## What you should do
Please reproduce the data in its entirety, word for word.

## Excerpted records
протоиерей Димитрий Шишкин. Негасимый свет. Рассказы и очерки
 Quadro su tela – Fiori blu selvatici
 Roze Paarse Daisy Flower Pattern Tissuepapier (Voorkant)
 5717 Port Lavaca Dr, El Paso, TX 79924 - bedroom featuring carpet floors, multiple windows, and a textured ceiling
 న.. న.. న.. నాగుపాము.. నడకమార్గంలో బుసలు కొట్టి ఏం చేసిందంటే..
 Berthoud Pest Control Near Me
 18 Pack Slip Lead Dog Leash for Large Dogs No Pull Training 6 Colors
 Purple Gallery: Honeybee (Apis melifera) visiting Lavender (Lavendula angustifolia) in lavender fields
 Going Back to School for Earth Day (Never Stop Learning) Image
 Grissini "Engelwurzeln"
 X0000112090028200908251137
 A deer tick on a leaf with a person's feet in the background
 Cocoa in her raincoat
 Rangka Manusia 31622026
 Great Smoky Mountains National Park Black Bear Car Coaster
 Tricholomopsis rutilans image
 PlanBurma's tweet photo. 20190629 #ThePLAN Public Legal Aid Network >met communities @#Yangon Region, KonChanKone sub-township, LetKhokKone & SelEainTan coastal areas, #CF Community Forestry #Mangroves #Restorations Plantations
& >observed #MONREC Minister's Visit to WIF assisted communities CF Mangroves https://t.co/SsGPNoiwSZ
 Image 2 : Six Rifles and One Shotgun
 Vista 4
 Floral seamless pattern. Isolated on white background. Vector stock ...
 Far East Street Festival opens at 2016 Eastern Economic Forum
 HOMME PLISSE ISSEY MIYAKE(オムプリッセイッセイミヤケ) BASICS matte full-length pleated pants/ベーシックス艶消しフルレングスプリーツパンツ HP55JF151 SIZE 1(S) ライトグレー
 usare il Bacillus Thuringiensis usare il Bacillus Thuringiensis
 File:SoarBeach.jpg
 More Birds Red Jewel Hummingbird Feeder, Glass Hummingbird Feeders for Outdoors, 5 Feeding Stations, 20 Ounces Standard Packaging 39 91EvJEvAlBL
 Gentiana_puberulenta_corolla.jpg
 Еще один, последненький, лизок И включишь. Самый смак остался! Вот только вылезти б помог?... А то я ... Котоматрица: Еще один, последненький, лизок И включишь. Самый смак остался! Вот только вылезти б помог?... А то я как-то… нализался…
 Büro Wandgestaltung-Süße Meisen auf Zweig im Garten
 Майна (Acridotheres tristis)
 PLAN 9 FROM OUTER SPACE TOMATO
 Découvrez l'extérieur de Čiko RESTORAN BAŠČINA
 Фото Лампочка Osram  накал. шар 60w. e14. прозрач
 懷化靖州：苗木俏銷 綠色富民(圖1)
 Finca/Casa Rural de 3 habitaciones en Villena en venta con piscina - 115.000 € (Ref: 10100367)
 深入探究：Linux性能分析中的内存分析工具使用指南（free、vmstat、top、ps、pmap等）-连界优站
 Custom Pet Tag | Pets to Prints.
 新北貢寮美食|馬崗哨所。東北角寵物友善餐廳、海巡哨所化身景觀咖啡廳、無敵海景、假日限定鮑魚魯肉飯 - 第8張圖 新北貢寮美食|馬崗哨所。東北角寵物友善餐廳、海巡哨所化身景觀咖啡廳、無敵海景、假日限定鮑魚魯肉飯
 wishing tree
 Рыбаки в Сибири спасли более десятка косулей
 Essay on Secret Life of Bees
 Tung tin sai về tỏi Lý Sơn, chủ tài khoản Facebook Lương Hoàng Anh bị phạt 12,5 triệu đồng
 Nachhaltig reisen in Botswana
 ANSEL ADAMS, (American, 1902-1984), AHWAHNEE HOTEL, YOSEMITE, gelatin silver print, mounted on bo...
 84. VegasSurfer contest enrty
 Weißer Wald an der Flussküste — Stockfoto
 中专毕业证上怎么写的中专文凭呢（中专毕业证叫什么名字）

## Task answer
протоиерей Димитрий Шишкин. Негасимый свет. Рассказы и очерки
 Quadro su tela – Fiori blu selvatici
 Roze Paarse Daisy Flower Pattern Tissuepapier (Voorkant)
 5717 Port Lavaca Dr, El Paso, TX 79924 - bedroom featuring carpet floors, multiple windows, and a textured ceiling
 న.. న.. న.. నాగుపాము.. నడకమార్గంలో బుసలు కొట్టి ఏం చేసిందంటే..
 Berthoud Pest Control Near Me
 18 Pack Slip Lead Dog Leash for Large Dogs No Pull Training 6 Colors
 Purple Gallery: Honeybee (Apis melifera) visiting Lavender (Lavendula angustifolia) in lavender fields
 Going Back to School for Earth Day (Never Stop Learning) Image
 Grissini "Engelwurzeln"
 X0000112090028200908251137
 A deer tick on a leaf with a person's feet in the background
 Cocoa in her raincoat
 Rangka Manusia 31622026
 Great Smoky Mountains National Park Black Bear Car Coaster
 Tricholomopsis rutilans image
 PlanBurma's tweet photo. 20190629 #ThePLAN Public Legal Aid Network >met communities @#Yangon Region, KonChanKone sub-township, LetKhokKone & SelEainTan coastal areas, #CF Community Forestry #Mangroves #Restorations Plantations
& >observed #MONREC Minister's Visit to WIF assisted communities CF Mangroves https://t.co/SsGPNoiwSZ
 Image 2 : Six Rifles and One Shotgun
 Vista 4
 Floral seamless pattern. Isolated on white background. Vector stock ...
 Far East Street Festival opens at 2016 Eastern Economic Forum
 HOMME PLISSE ISSEY MIYAKE(オムプリッセイッセイミヤケ) BASICS matte full-length pleated pants/ベーシックス艶消しフルレングスプリーツパンツ HP55JF151 SIZE 1(S) ライトグレー
 usare il Bacillus Thuringiensis usare il Bacillus Thuringiensis
 File:SoarBeach.jpg
 More Birds Red Jewel Hummingbird Feeder, Glass Hummingbird Feeders for Outdoors, 5 Feeding Stations, 20 Ounces Standard Packaging 39 91EvJEvAlBL
 Gentiana_puberulenta_corolla.jpg
 Еще один, последненький, лизок И включишь. Самый смак остался! Вот только вылезти б помог?... А то я ... Котоматрица: Еще один, последненький, лизок И включишь. Самый смак остался! Вот только вылезти б помог?... А то я как-то… нализался…
 Büro Wandgestaltung-Süße Meisen auf Zweig im Garten
 Майна (Acridotheres tristis)
 PLAN 9 FROM OUTER SPACE TOMATO
 Découvrez l'extérieur de Čiko RESTORAN BAŠČINA
 Фото Лампочка Osram  накал. шар 60w. e14. прозрач
 懷化靖州：苗木俏銷 綠色富民(圖1)
 Finca/Casa Rural de 3 habitaciones en Villena en venta con piscina - 115.000 € (Ref: 10100367)
 深入探究：Linux性能分析中的内存分析工具使用指南（free、vmstat、top、ps、pmap等）-连界优站
 Custom Pet Tag | Pets to Prints.
 新北貢寮美食|馬崗哨所。東北角寵物友善餐廳、海巡哨所化身景觀咖啡廳、無敵海景、假日限定鮑魚魯肉飯 - 第8張圖 新北貢寮美食|馬崗哨所。東北角寵物友善餐廳、海巡哨所化身景觀咖啡廳、無敵海景、假日限定鮑魚魯肉飯
 wishing tree
 Рыбаки в Сибири спасли более десятка косулей
 Essay on Secret Life of Bees
 Tung tin sai về tỏi Lý Sơn, chủ tài khoản Facebook Lương Hoàng Anh bị phạt 12,5 triệu đồng
 Nachhaltig reisen in Botswana
 ANSEL ADAMS, (American, 1902-1984), AHWAHNEE HOTEL, YOSEMITE, gelatin silver print, mounted on bo...
 84. VegasSurfer contest enrty
 Weißer Wald an der Flussküste — Stockfoto
 中专毕业证上怎么写的中专文凭呢（中专毕业证叫什么名字）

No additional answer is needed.